- Conference: Independent
- Record: 16–7
- Head coach: William Reid (1st season);
- Captain: Oscar Anderson
- Home arena: none

= 1919–20 Colgate men's basketball team =

American college basketball season

The 1919–20 Colgate Raiders men's basketball team represented Colgate University during the 1919–20 college men's basketball season. The head coach was William Reid, coaching the Raiders in his first season.
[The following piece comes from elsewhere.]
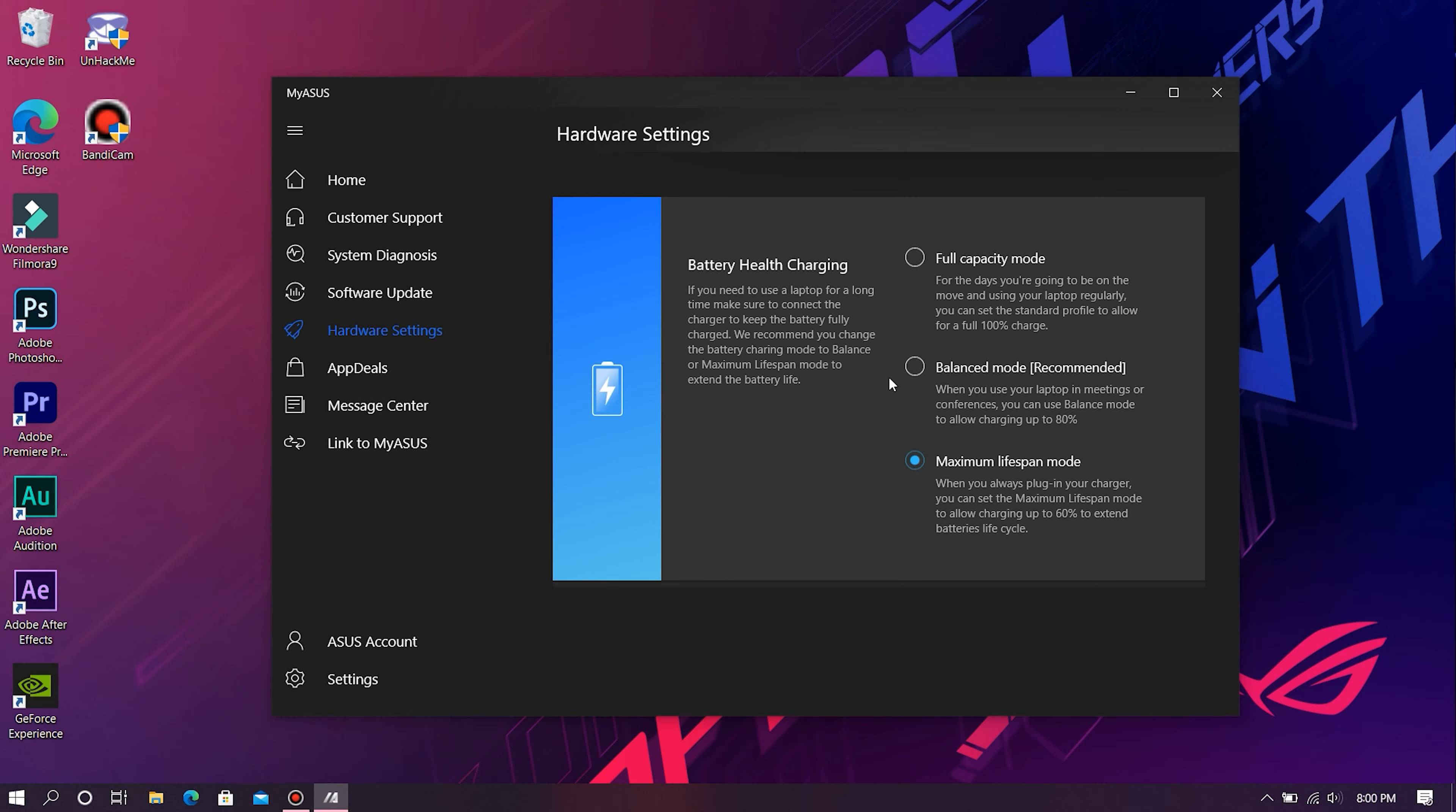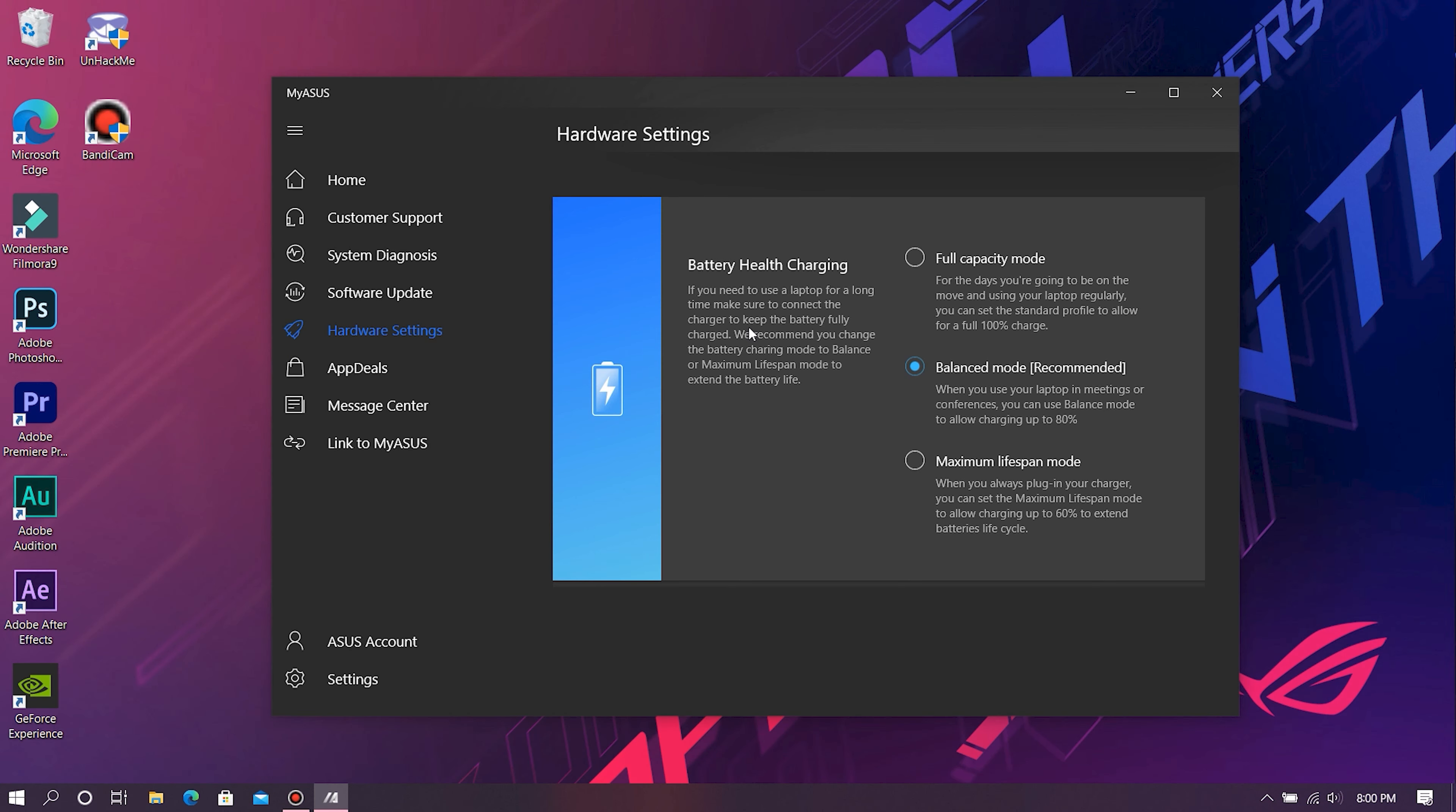I would recommend you to put your laptop in Balanced Mode itself, because I guess that's the perfect balance between maintaining some charge on your device as well as maintaining its lifespan. However, if you're going to be using your laptop with the charging cable connected all day long, I'll recommend you to enable Maximum Lifespan Mode as it preserves your battery life. Whereas if you're going to take your laptop out and use it without connecting it to a power outlet, I'll recommend you to charge it to 100% by enabling Full Capacity Mode.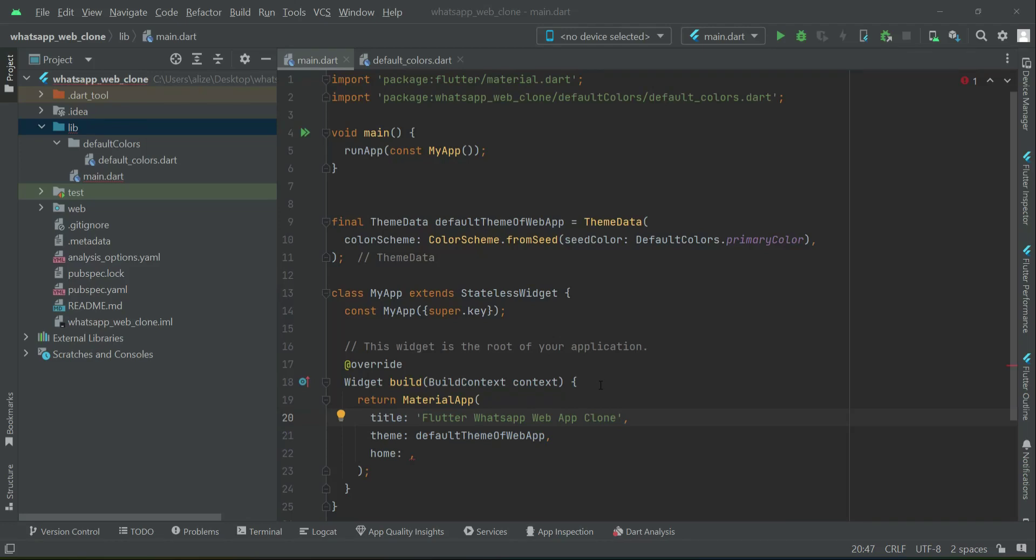So now we have to create the pages, the webpages, and we have to set the routes for it. So then we can call our routes here.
The team had finished with a final record of 16–7. The team captain was Oscar Anderson.

==Schedule==

| Date time, TV | Opponent | Result | Record | Site city, state |
| * | Clarkson | W 43–28 | 1–0 | Hamilton, NY |
| * | at Cornell | L 17–27 | 1–1 | Hamilton, NY |
| * | at Union | W 26–17 | 2–1 |  |
| * | Bucknell | W 56–38 | 3–1 |  |
| * | at New York Univ. | L 26–40 | 3–2 | Utica, NY |
| * | at Hamilton | W 34–23 | 4–2 | Williamstown, MA |
| * | at Albany State | W 48–16 | 5–2 |  |
| * | at Wesleyan | W 41–29 | 6–2 |  |
| * | Dartmouth | W 40–28 | 7–2 | Hamilton, NY |
| * | Rochester | W 40–20 | 8–2 | Hamilton, NY |
| * | Buffalo | L 24–26 | 8–3 | Erie, PA |
| * | at Buffalo | L 15–23 | 8–4 | Buffalo, NY |
| * | Albany State | W 67–29 | 9–4 |  |
| * | at St. John's | W 57–19 | 10–4 |  |
| * | at Crescent A.C. | W 26–19 | 11–4 | Hamilton, NY |
| * | at New York Univ. | L 29–35 | 11–5 |  |
| * | Syracuse | L 26–34 | 11–6 | Hamilton, NY |
| * | at Carnegie Tech | W 30–27 | 12–6 |  |
| * | at Pittsburgh | W 35–25 | 13–6 |  |
| * | at Washington-Jefferson | W 30–28 | 14–6 |  |
| * | at Rochester | W 38–26 | 15–6 | Rochester, NY |
| * | at Syracuse | L 27–31 | 15–7 | Archbold Gymnasium Syracuse, NY |
| * | at RPI | W 24–20 | 16–7 |  |
*Non-conference game. (#) Tournament seedings in parentheses.